Records to use:
****

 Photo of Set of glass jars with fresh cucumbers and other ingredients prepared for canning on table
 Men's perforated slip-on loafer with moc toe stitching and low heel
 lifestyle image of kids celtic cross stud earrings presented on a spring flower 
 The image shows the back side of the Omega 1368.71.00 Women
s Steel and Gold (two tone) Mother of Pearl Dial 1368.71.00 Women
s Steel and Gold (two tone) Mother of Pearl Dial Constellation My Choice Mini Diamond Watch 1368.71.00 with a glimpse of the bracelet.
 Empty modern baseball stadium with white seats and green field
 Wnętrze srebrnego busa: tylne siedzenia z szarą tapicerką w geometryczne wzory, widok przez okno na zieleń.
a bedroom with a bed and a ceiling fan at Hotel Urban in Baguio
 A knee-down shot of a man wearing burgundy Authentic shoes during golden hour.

****

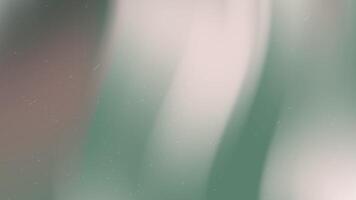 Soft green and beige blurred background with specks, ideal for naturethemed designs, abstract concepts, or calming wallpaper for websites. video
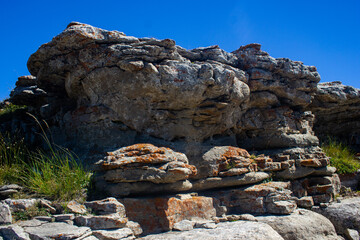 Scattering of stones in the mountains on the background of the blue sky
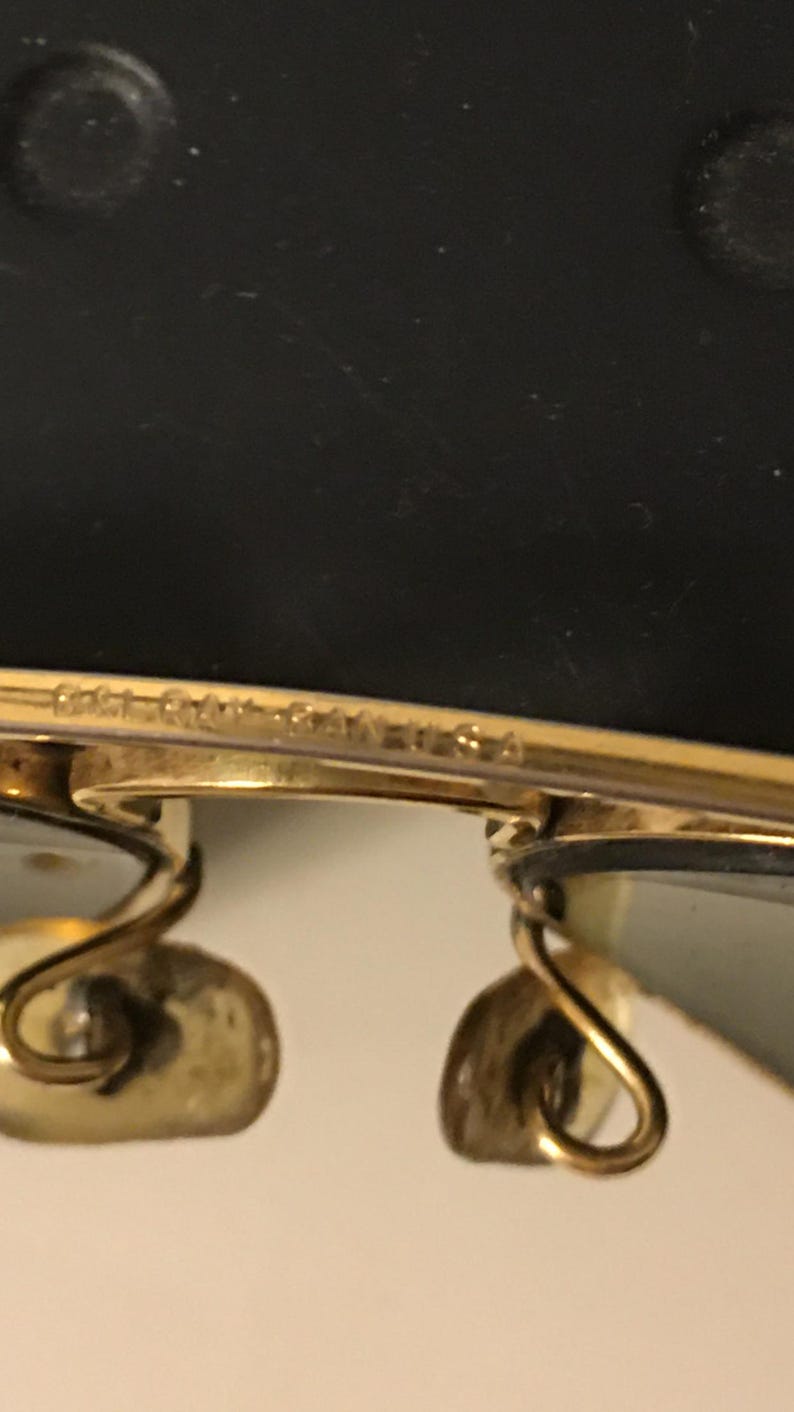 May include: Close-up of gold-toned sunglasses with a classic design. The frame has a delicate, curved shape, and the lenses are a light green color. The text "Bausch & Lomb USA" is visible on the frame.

****

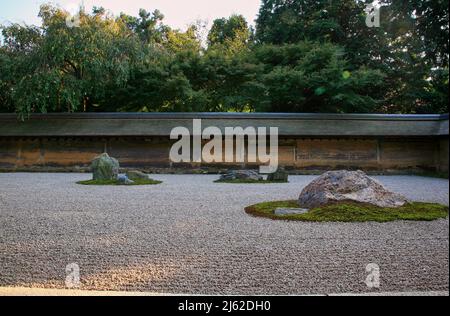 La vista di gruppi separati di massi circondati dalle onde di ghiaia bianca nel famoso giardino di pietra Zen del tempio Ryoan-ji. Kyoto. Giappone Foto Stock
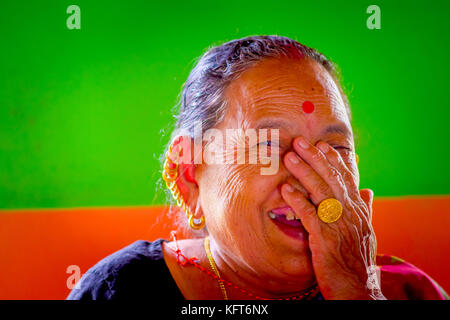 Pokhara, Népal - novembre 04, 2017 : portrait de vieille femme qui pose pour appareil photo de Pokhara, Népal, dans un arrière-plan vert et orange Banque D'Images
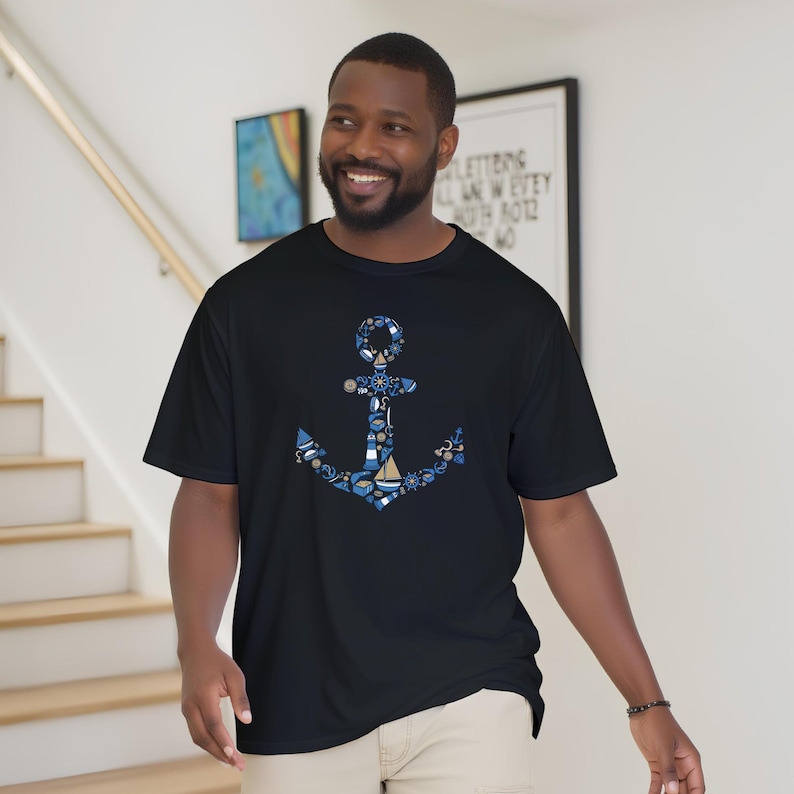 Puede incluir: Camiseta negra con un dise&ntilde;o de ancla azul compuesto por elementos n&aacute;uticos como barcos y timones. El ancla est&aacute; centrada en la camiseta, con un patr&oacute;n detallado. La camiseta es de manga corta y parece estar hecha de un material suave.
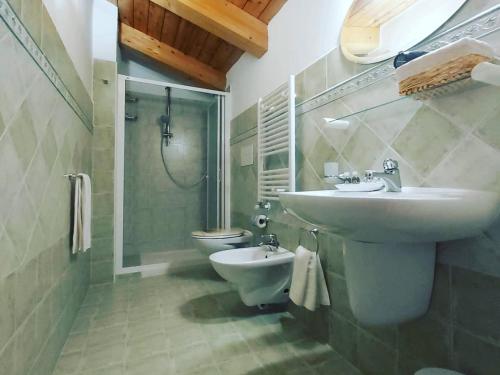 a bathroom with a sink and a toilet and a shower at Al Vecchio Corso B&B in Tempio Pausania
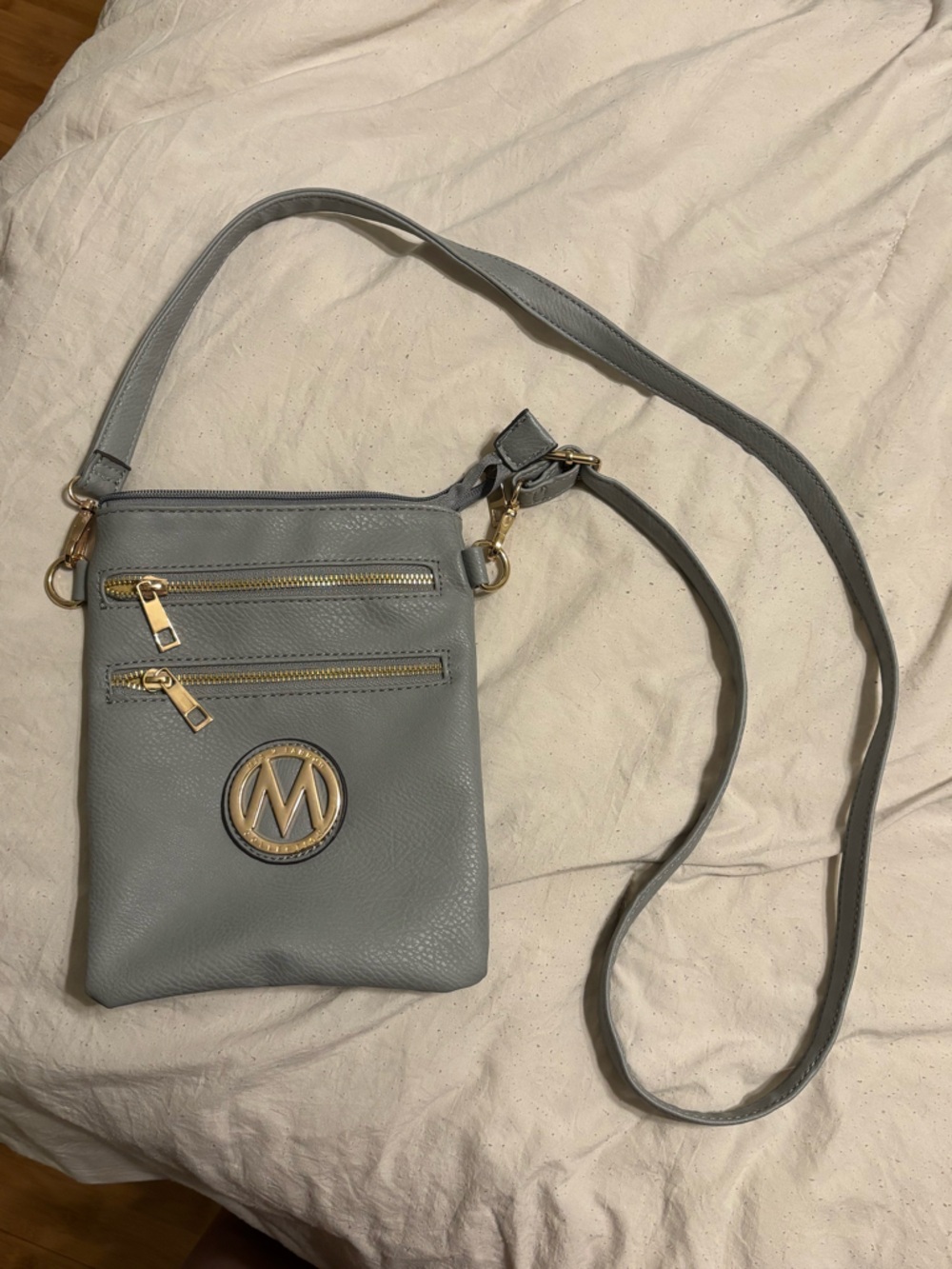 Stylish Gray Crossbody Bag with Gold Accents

****

Try it: Your answer should be the lines above from the one containing "Photo of Set" through the one containing "A knee-down shot", copied exactly and with both ends kept.

Written answer:
 Photo of Set of glass jars with fresh cucumbers and other ingredients prepared for canning on table
 Men's perforated slip-on loafer with moc toe stitching and low heel
 lifestyle image of kids celtic cross stud earrings presented on a spring flower 
 The image shows the back side of the Omega 1368.71.00 Women
s Steel and Gold (two tone) Mother of Pearl Dial 1368.71.00 Women
s Steel and Gold (two tone) Mother of Pearl Dial Constellation My Choice Mini Diamond Watch 1368.71.00 with a glimpse of the bracelet.
 Empty modern baseball stadium with white seats and green field
 Wnętrze srebrnego busa: tylne siedzenia z szarą tapicerką w geometryczne wzory, widok przez okno na zieleń.
a bedroom with a bed and a ceiling fan at Hotel Urban in Baguio
 A knee-down shot of a man wearing burgundy Authentic shoes during golden hour.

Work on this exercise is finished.